Appeal from Circuit Court, Tippecanoe County; Richard P. De Hart, Judge.

Wilbur G. Moore was convicted of inflicting needless cruelty on a horse, and he appeals. Affirmed.

Daniel P. Flanagan, Kumler & Gaylord, and Rochester Baird, all of La Fayette, for appellant. Thomas M. Honan, Atty. Gen., and Will R. Wood, Homer W. Hennegar, and Roy C. Street, all of La Fayette (Edwin Corr, of Bloomington, of counsel), for the State.

SPENCER, J.

Appellant was tried and convicted in the Tippecanoe circuit court on an indictment charging him with a violation of section 2499, Burns 1914. He appeals.
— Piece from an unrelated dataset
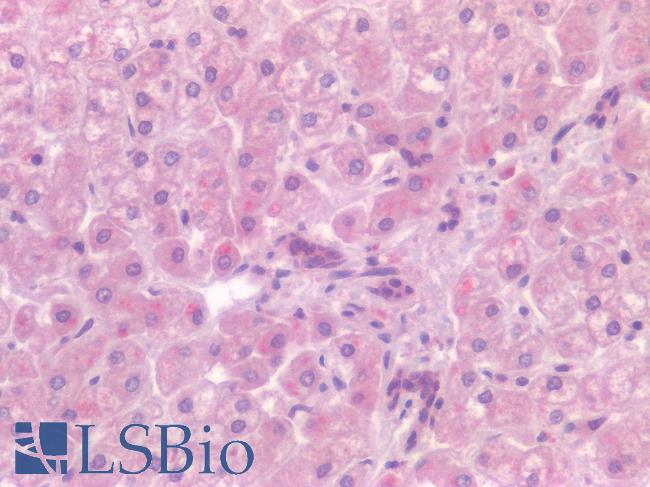 CD4 Antibody - Human Liver: Formalin-Fixed, Paraffin-Embedded (FFPE)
The statute on which the indictment is based provides that:

“Whoever overdrives, overloads, drives when overloaded, overworks, tortures, torments, deprives of necessary sustenance, cruelly beats, mutilates or cruelly kills or causes or procures to be so overdriven, overloaded, driven when overloaded, overworked, tortured, tormented, deprived of necessary sustenance, cruelly beaten, mutilated or cruelly killed, any animal; and whoever, having charge or custody of any animal, either as owner or otherwise, inflicts needless cruelty upon the same, or mutilates the same, or deprives it of natural means of defense or protection, or cruelly or unnecessarily fails to provide the same with proper food, drink, shelter or protection from the weather, shall, on conviction,” etc.
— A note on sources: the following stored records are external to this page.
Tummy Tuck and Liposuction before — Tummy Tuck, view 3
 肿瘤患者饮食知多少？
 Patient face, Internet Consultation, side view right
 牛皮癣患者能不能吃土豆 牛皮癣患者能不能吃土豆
The indictment in this case is in five counts, the first and second of which charge appellant wth inflicting needless cruelty on a certain horse owned by him-

“by then and there confining said horse in a certain barn or stable, then and there situate, said stable being then and there without proper light and the stall in which said horse was kept being then and there filled with the filth and excrement of said horse, and said horse was then and there kept without bedding and permitted to lie in said filth and excrement, and so keeping said horse without any provision made for said horse to escape, and said horse was and has been kept for more than one year prior to the 13th day of December, 1913, and by failing to feed said horse with enough and proper feed to sustain the same, and by failing to give said horse sufficient water to quench his thirst, and by failing to give said horse proper exercise.”

The other counts of the indictment, in substantially the same language, charge appellant with torturing...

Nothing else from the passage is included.